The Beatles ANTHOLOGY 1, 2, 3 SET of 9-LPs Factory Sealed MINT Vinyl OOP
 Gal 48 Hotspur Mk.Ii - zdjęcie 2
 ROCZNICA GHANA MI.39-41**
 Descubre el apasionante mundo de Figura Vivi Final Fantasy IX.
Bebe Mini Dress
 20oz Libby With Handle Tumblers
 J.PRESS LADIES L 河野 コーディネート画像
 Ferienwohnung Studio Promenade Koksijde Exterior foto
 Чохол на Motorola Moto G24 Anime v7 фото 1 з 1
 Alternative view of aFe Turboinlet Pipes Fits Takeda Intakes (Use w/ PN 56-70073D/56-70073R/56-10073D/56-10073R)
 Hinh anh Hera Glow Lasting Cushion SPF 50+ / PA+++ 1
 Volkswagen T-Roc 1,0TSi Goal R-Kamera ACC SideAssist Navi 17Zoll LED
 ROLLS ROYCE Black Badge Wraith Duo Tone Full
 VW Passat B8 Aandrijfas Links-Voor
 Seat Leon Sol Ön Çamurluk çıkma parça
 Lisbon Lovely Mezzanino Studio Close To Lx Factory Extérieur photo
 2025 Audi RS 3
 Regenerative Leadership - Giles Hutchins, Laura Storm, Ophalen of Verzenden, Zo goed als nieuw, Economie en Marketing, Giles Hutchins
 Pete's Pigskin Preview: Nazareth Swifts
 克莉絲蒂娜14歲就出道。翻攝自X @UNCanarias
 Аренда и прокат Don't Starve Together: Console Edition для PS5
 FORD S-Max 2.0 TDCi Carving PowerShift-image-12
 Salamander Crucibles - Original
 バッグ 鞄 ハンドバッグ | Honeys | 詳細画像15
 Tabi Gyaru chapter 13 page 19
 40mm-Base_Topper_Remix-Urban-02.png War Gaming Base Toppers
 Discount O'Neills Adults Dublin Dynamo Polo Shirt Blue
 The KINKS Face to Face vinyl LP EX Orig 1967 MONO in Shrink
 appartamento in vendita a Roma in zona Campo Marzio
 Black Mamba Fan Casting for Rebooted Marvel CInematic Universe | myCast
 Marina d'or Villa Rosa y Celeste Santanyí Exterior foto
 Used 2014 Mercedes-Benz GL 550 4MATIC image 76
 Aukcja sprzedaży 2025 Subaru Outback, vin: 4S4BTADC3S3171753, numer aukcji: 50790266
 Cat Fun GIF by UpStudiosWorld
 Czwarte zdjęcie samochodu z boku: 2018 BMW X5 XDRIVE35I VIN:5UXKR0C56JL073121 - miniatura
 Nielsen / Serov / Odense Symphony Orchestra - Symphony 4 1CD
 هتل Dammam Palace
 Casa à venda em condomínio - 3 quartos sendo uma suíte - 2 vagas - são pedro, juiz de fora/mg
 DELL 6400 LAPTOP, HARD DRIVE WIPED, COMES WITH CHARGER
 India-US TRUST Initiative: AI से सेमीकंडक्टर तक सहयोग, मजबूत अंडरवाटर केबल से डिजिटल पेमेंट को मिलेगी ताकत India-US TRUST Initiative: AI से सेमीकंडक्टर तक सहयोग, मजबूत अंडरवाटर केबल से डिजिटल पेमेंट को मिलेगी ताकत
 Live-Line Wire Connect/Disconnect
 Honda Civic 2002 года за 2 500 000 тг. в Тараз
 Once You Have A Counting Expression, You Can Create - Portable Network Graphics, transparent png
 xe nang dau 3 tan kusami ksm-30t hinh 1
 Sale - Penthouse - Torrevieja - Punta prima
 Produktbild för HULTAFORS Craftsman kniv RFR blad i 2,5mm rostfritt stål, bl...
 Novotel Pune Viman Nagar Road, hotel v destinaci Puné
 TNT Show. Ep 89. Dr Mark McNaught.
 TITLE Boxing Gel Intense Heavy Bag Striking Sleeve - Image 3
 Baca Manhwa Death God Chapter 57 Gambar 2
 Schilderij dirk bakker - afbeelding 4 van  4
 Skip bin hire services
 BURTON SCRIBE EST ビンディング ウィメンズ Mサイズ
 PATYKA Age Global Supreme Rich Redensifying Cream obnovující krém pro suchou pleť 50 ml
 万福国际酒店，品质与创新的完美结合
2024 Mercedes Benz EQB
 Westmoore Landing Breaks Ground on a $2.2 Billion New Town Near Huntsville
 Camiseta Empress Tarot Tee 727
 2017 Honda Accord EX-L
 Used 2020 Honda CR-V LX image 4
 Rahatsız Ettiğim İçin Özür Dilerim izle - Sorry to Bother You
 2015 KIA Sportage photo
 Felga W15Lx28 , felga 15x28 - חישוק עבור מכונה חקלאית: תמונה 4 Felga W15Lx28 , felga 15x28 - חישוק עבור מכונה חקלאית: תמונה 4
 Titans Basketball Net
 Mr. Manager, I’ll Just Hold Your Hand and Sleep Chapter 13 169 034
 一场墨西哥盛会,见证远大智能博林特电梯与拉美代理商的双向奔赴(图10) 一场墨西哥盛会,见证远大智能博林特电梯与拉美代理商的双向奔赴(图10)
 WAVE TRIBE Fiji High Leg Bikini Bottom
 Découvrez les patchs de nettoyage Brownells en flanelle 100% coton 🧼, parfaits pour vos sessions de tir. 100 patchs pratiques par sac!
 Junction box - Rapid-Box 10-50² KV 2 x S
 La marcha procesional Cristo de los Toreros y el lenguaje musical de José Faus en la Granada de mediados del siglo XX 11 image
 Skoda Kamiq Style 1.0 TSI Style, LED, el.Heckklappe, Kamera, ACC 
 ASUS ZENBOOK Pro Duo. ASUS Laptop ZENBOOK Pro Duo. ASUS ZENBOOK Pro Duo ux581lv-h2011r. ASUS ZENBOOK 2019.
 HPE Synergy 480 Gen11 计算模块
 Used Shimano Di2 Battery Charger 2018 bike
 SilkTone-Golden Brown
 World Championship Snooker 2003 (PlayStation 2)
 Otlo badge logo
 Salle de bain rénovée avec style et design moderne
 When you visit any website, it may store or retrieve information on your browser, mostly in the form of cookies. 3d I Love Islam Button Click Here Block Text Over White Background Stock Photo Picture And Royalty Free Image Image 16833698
------------------------------------------------------------------------
EXERCISE BRIEF:
Set every line of the data down again, word for word.

EXERCISE RESULT:
The Beatles ANTHOLOGY 1, 2, 3 SET of 9-LPs Factory Sealed MINT Vinyl OOP
 Gal 48 Hotspur Mk.Ii - zdjęcie 2
 ROCZNICA GHANA MI.39-41**
 Descubre el apasionante mundo de Figura Vivi Final Fantasy IX.
Bebe Mini Dress
 20oz Libby With Handle Tumblers
 J.PRESS LADIES L 河野 コーディネート画像
 Ferienwohnung Studio Promenade Koksijde Exterior foto
 Чохол на Motorola Moto G24 Anime v7 фото 1 з 1
 Alternative view of aFe Turboinlet Pipes Fits Takeda Intakes (Use w/ PN 56-70073D/56-70073R/56-10073D/56-10073R)
 Hinh anh Hera Glow Lasting Cushion SPF 50+ / PA+++ 1
 Volkswagen T-Roc 1,0TSi Goal R-Kamera ACC SideAssist Navi 17Zoll LED
 ROLLS ROYCE Black Badge Wraith Duo Tone Full
 VW Passat B8 Aandrijfas Links-Voor
 Seat Leon Sol Ön Çamurluk çıkma parça
 Lisbon Lovely Mezzanino Studio Close To Lx Factory Extérieur photo
 2025 Audi RS 3
 Regenerative Leadership - Giles Hutchins, Laura Storm, Ophalen of Verzenden, Zo goed als nieuw, Economie en Marketing, Giles Hutchins
 Pete's Pigskin Preview: Nazareth Swifts
 克莉絲蒂娜14歲就出道。翻攝自X @UNCanarias
 Аренда и прокат Don't Starve Together: Console Edition для PS5
 FORD S-Max 2.0 TDCi Carving PowerShift-image-12
 Salamander Crucibles - Original
 バッグ 鞄 ハンドバッグ | Honeys | 詳細画像15
 Tabi Gyaru chapter 13 page 19
 40mm-Base_Topper_Remix-Urban-02.png War Gaming Base Toppers
 Discount O'Neills Adults Dublin Dynamo Polo Shirt Blue
 The KINKS Face to Face vinyl LP EX Orig 1967 MONO in Shrink
 appartamento in vendita a Roma in zona Campo Marzio
 Black Mamba Fan Casting for Rebooted Marvel CInematic Universe | myCast
 Marina d'or Villa Rosa y Celeste Santanyí Exterior foto
 Used 2014 Mercedes-Benz GL 550 4MATIC image 76
 Aukcja sprzedaży 2025 Subaru Outback, vin: 4S4BTADC3S3171753, numer aukcji: 50790266
 Cat Fun GIF by UpStudiosWorld
 Czwarte zdjęcie samochodu z boku: 2018 BMW X5 XDRIVE35I VIN:5UXKR0C56JL073121 - miniatura
 Nielsen / Serov / Odense Symphony Orchestra - Symphony 4 1CD
 هتل Dammam Palace
 Casa à venda em condomínio - 3 quartos sendo uma suíte - 2 vagas - são pedro, juiz de fora/mg
 DELL 6400 LAPTOP, HARD DRIVE WIPED, COMES WITH CHARGER
 India-US TRUST Initiative: AI से सेमीकंडक्टर तक सहयोग, मजबूत अंडरवाटर केबल से डिजिटल पेमेंट को मिलेगी ताकत India-US TRUST Initiative: AI से सेमीकंडक्टर तक सहयोग, मजबूत अंडरवाटर केबल से डिजिटल पेमेंट को मिलेगी ताकत
 Live-Line Wire Connect/Disconnect
 Honda Civic 2002 года за 2 500 000 тг. в Тараз
 Once You Have A Counting Expression, You Can Create - Portable Network Graphics, transparent png
 xe nang dau 3 tan kusami ksm-30t hinh 1
 Sale - Penthouse - Torrevieja - Punta prima
 Produktbild för HULTAFORS Craftsman kniv RFR blad i 2,5mm rostfritt stål, bl...
 Novotel Pune Viman Nagar Road, hotel v destinaci Puné
 TNT Show. Ep 89. Dr Mark McNaught.
 TITLE Boxing Gel Intense Heavy Bag Striking Sleeve - Image 3
 Baca Manhwa Death God Chapter 57 Gambar 2
 Schilderij dirk bakker - afbeelding 4 van  4
 Skip bin hire services
 BURTON SCRIBE EST ビンディング ウィメンズ Mサイズ
 PATYKA Age Global Supreme Rich Redensifying Cream obnovující krém pro suchou pleť 50 ml
 万福国际酒店，品质与创新的完美结合
2024 Mercedes Benz EQB
 Westmoore Landing Breaks Ground on a $2.2 Billion New Town Near Huntsville
 Camiseta Empress Tarot Tee 727
 2017 Honda Accord EX-L
 Used 2020 Honda CR-V LX image 4
 Rahatsız Ettiğim İçin Özür Dilerim izle - Sorry to Bother You
 2015 KIA Sportage photo
 Felga W15Lx28 , felga 15x28 - חישוק עבור מכונה חקלאית: תמונה 4 Felga W15Lx28 , felga 15x28 - חישוק עבור מכונה חקלאית: תמונה 4
 Titans Basketball Net
 Mr. Manager, I’ll Just Hold Your Hand and Sleep Chapter 13 169 034
 一场墨西哥盛会,见证远大智能博林特电梯与拉美代理商的双向奔赴(图10) 一场墨西哥盛会,见证远大智能博林特电梯与拉美代理商的双向奔赴(图10)
 WAVE TRIBE Fiji High Leg Bikini Bottom
 Découvrez les patchs de nettoyage Brownells en flanelle 100% coton 🧼, parfaits pour vos sessions de tir. 100 patchs pratiques par sac!
 Junction box - Rapid-Box 10-50² KV 2 x S
 La marcha procesional Cristo de los Toreros y el lenguaje musical de José Faus en la Granada de mediados del siglo XX 11 image
 Skoda Kamiq Style 1.0 TSI Style, LED, el.Heckklappe, Kamera, ACC 
 ASUS ZENBOOK Pro Duo. ASUS Laptop ZENBOOK Pro Duo. ASUS ZENBOOK Pro Duo ux581lv-h2011r. ASUS ZENBOOK 2019.
 HPE Synergy 480 Gen11 计算模块
 Used Shimano Di2 Battery Charger 2018 bike
 SilkTone-Golden Brown
 World Championship Snooker 2003 (PlayStation 2)
 Otlo badge logo
 Salle de bain rénovée avec style et design moderne
 When you visit any website, it may store or retrieve information on your browser, mostly in the form of cookies. 3d I Love Islam Button Click Here Block Text Over White Background Stock Photo Picture And Royalty Free Image Image 16833698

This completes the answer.